Data to examine: Begin

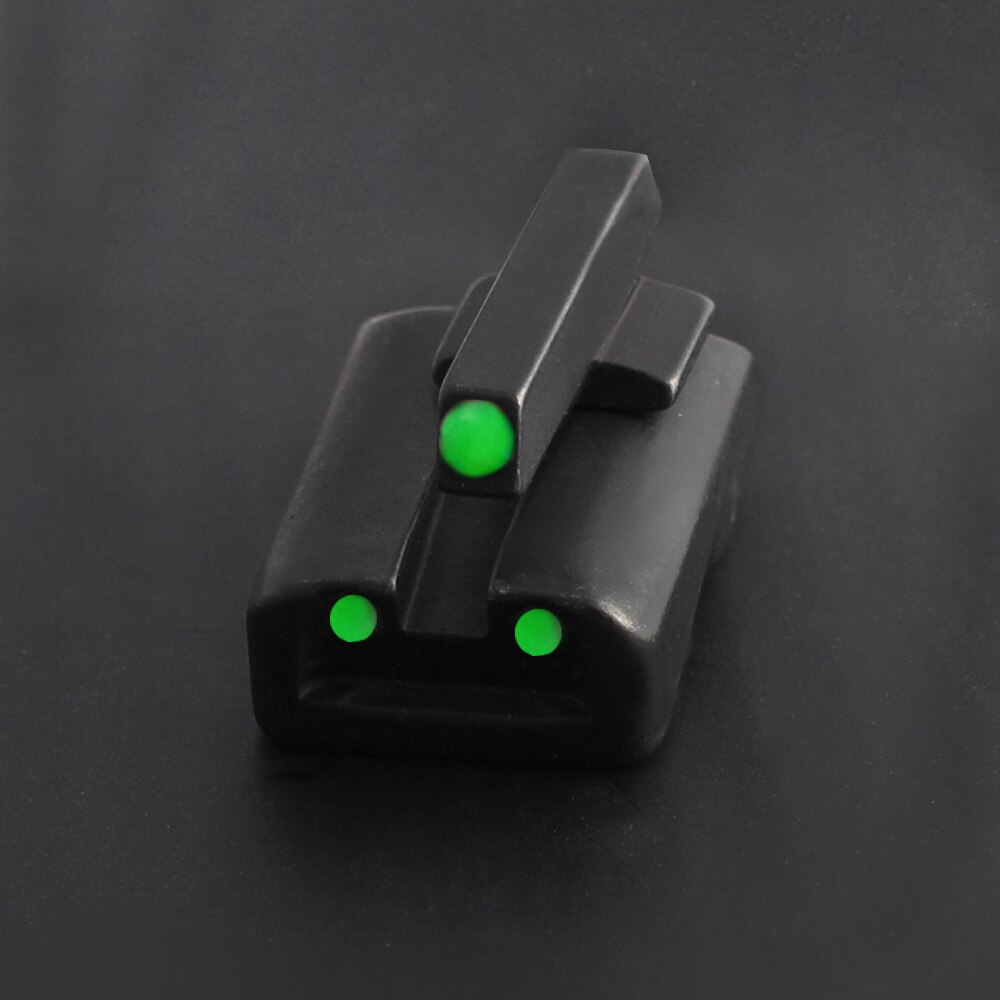 Tactical Aluminum alloy Fiber Optic Front and Rear Red/green Dot Sights Hunting Night Vision Riflescope for 1911 - Image 3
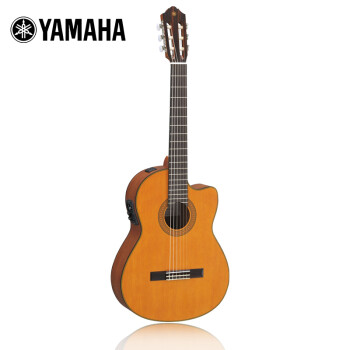 雅马哈（YAMAHA）CGX122MCC单板古典缺角电箱吉他舞台演出进阶考级吉它雪松面板39英寸哑光原木色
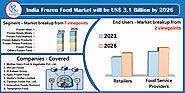 India Frozen Food Market by Segments, Companies, Forecast By 2026
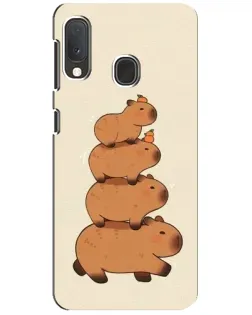 Чехол для Samsung Galaxy A20e с картинкой «Башня из капибар»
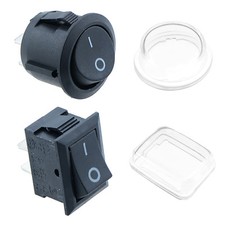 Ein/Aus runder rechteckiger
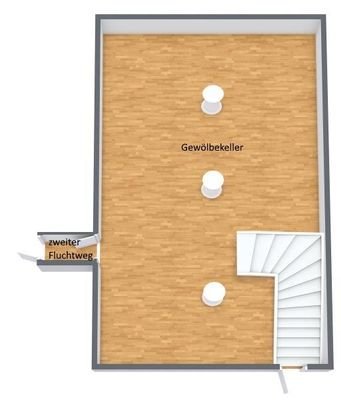 Grundriss Gewölbekeller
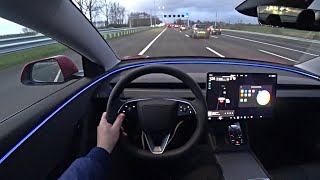 The New Tesla Model 3 2024 Test Drive [upl. by Babs]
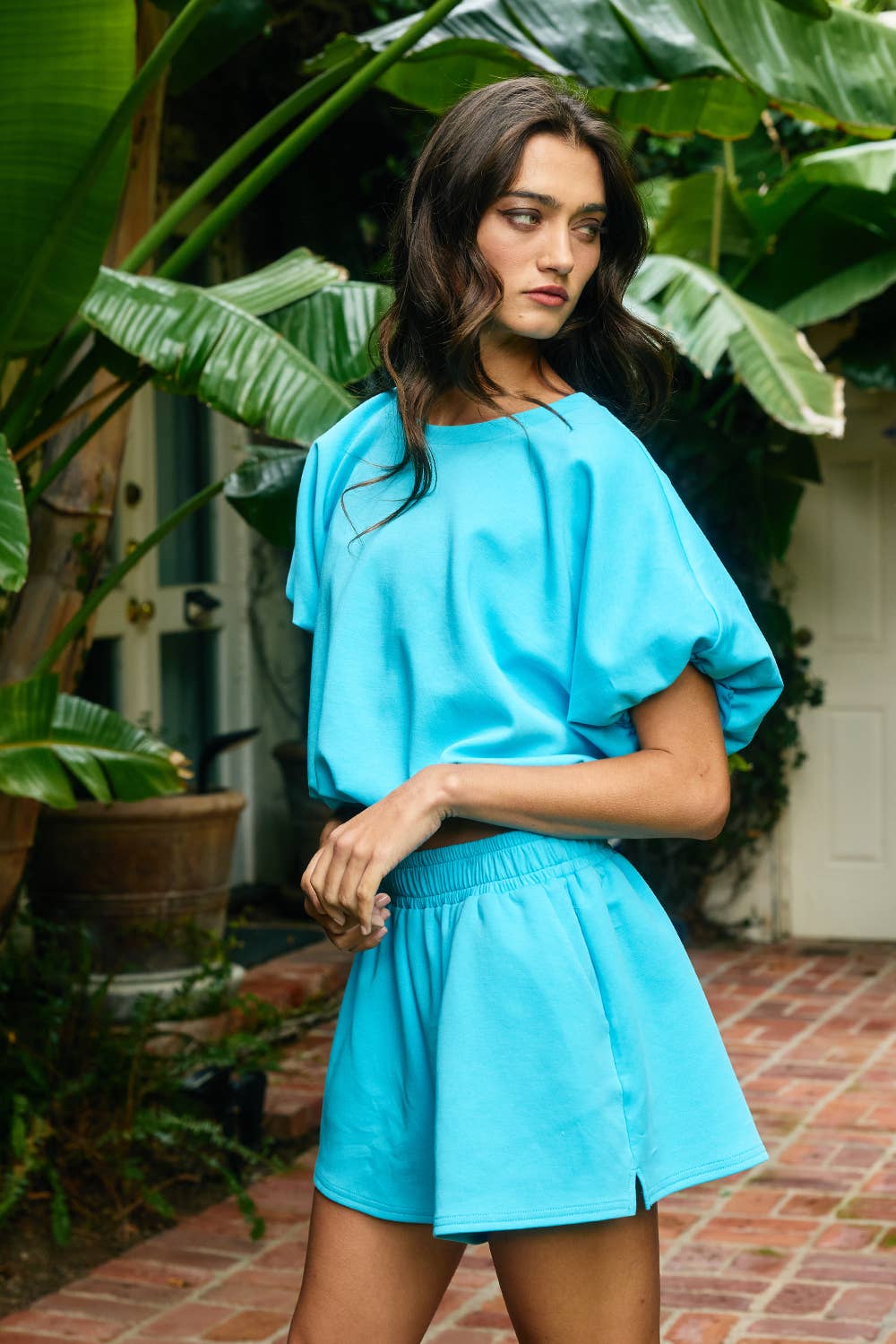 BUCKETLIST INC - Wholesale Shorts - Women's - P5468A Scuba Elastic Waist Banded Solid Shorts14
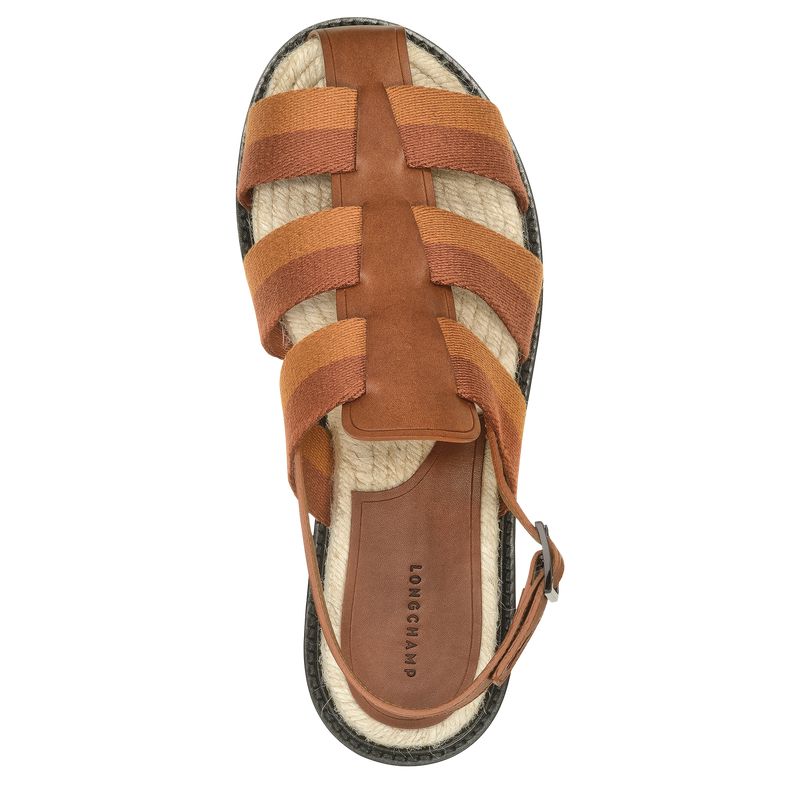 Women Longchamp Shadow Sandals Brown | Ireland-168WCATYV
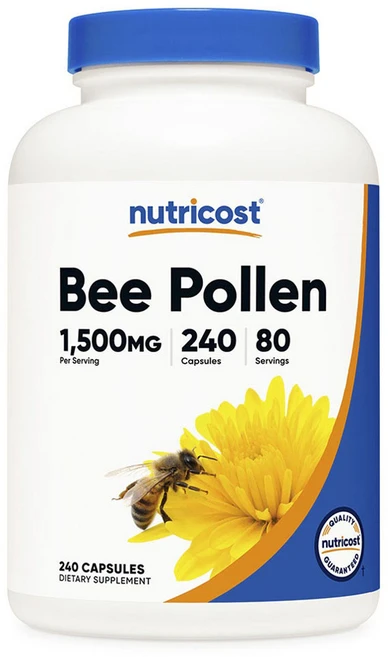 뉴트리코스트 벌 화분 파우더 캡슐, 1개, 240정 - 쿠팡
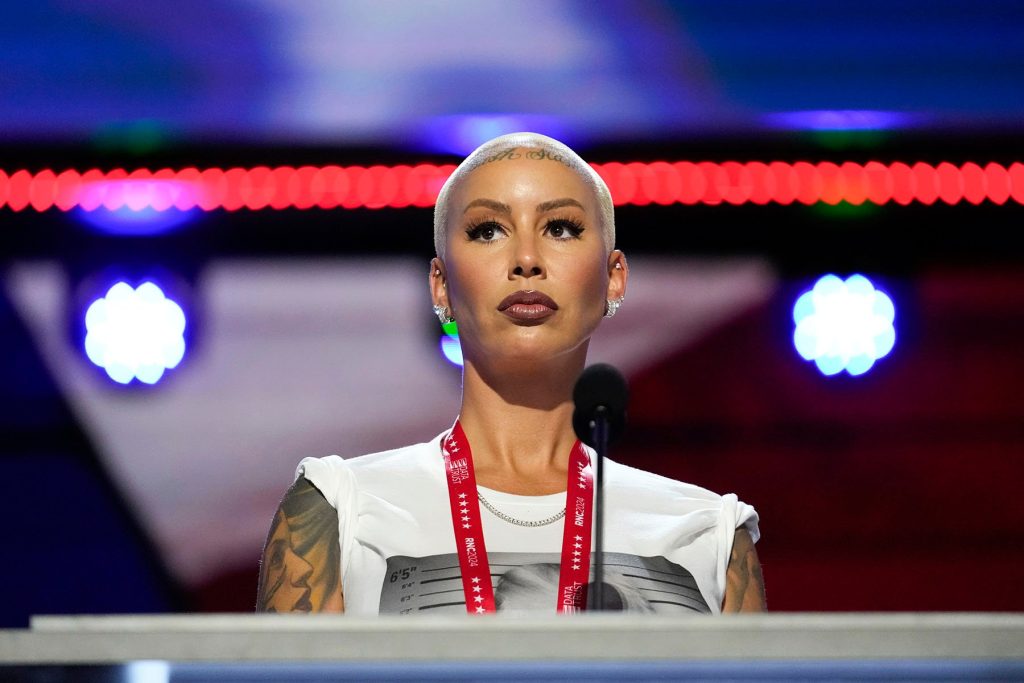 Amber Rose to speak in support of Trump at Republican National Convention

Data to examine: End

What is needed is an exact transcription of the lines from the one holding "Grundriss Gewölbekeller" to the end of the data, with every picture left out.

 Grundriss Gewölbekeller
 The New Tesla Model 3 2024 Test Drive [upl. by Babs]
 BUCKETLIST INC - Wholesale Shorts - Women's - P5468A Scuba Elastic Waist Banded Solid Shorts14
 Women Longchamp Shadow Sandals Brown | Ireland-168WCATYV
 뉴트리코스트 벌 화분 파우더 캡슐, 1개, 240정 - 쿠팡
 Amber Rose to speak in support of Trump at Republican National Convention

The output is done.